Dorchester will soon be feeling the benefits of a new revolutionary pay on exit parking system.
Traders in the town were informed on progress of the planned pilot scheme for the Wollaston Field car park in the town centre amid a host of positive updates at an open meeting of the Dorchester Bid (Business Improvement District).
Project director Phil Gordon said that the Bid had been working with West Dorset District Council to see the scheme, which will be the first of its kind in the country, implemented.
It will use number plate recognition and enable motorists to set up an account so they do not even need to go to a machine to pay for their parking.
Mr Gordon said: “This is a true high-tech solution.
“It will be a first for Dorchester when it comes on line.”
He said the equipment had been secured and it was hoped the scheme would be up and running soon.
Mr Gordon added that when it was fully operational it could also be used by businesses running promotions.

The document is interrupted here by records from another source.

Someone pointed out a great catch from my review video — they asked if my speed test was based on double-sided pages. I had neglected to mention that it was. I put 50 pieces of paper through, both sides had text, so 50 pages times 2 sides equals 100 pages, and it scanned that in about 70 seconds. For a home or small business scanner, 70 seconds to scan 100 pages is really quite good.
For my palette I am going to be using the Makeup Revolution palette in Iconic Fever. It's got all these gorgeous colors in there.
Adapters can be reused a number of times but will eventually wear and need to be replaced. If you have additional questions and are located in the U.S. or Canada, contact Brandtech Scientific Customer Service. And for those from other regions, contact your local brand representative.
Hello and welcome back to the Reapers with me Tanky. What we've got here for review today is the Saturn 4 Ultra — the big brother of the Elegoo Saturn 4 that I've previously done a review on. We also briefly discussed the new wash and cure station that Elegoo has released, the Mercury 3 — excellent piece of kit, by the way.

Other positive updates at the meeting included the Bid’s recycling and training initiatives while Mr Gordon added he was also confident of reaching an agreement with the Ministry of Justice for the temporary use of the old Dorchester Prison car park.

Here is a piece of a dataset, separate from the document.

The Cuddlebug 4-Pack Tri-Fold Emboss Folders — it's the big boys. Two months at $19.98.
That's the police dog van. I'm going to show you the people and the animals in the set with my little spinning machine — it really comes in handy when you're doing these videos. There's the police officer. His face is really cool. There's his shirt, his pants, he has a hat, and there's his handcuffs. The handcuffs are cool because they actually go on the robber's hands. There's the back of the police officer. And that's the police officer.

He said if an agreement is reached it will be used by workers in the town during the day and residents after 6pm, bringing 50 to 60 parking spaces to the town centre.
Mr Gordon, who had enlisted the support of West Dorset MP Oliver Letwin in his efforts, said: “The idea is to get the prison car park back into use.”

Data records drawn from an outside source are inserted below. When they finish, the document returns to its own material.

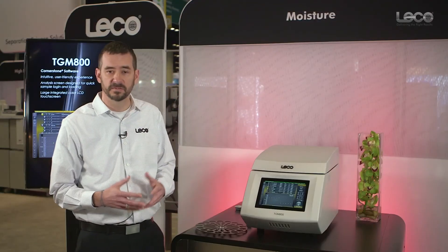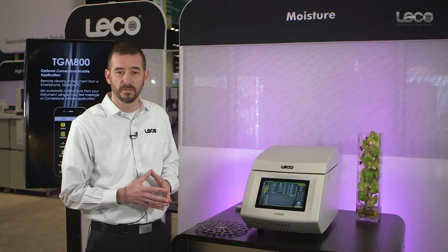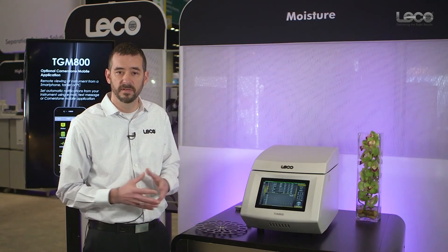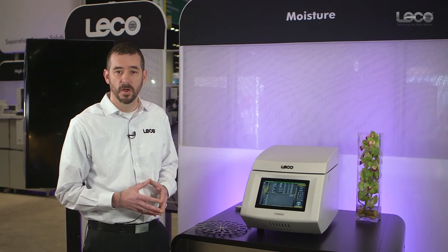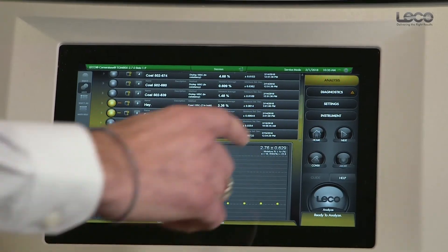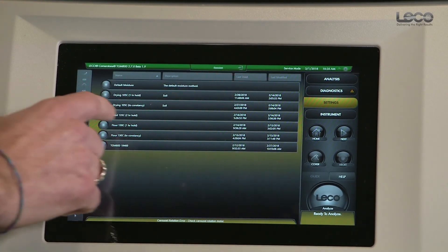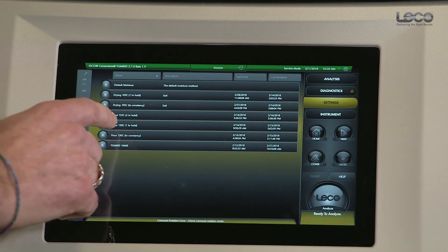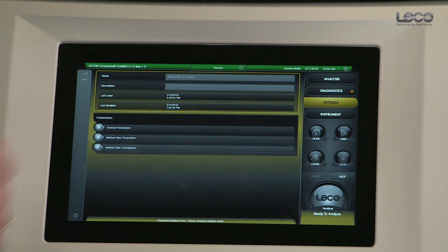The TGM has very flexible method settings. Our goal is to allow operators to define a method tailored to their needs — either for their moisture application or to replicate results from manual methods. Going into settings and methods, you can review a method and its parameters.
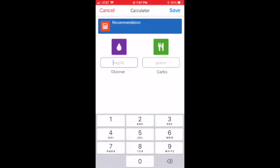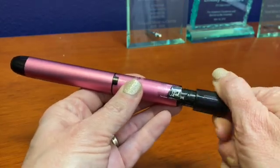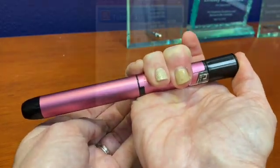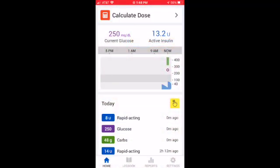When you use it, it's Bluetooth connected to an app. That app does all of the math for you about what your dose should be. Once you dial up your dose and push it, it registers on the app how many units you took, what time it was done, and how long that insulin will be active for.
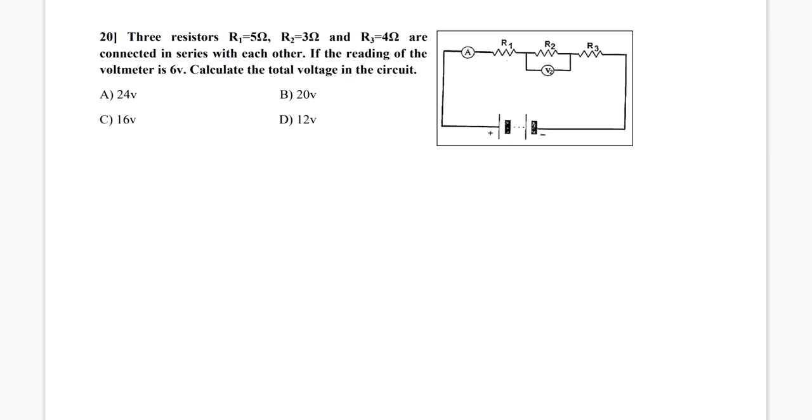Hello students, how are you? Let's solve question 20. The question says: three resistors, R1 of 5 ohm, R2 of 3 ohm, and R3 of 4 ohm, are connected in series with each other. If the reading of the voltmeter is 6 volt, calculate the total voltage in the circuit.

Mr Gordon said the Bid was also looking to run another summer competition, this time based on summer sports, and was developing a series of Dorset Dialect Trails around the town using words from William Barnes.
The meeting also offered an opportunity for the board and levy payers to welcome new chair Mike Reed and Sian Merriott, while paying tribute to John Fiori.
Mr Fiori had stood in as interim chair following the sad death of chairman Peter Legg last year.
Mr Gordon said: “Can I add a personal thanks to John, who stepped in as chair at an extremely difficult time.”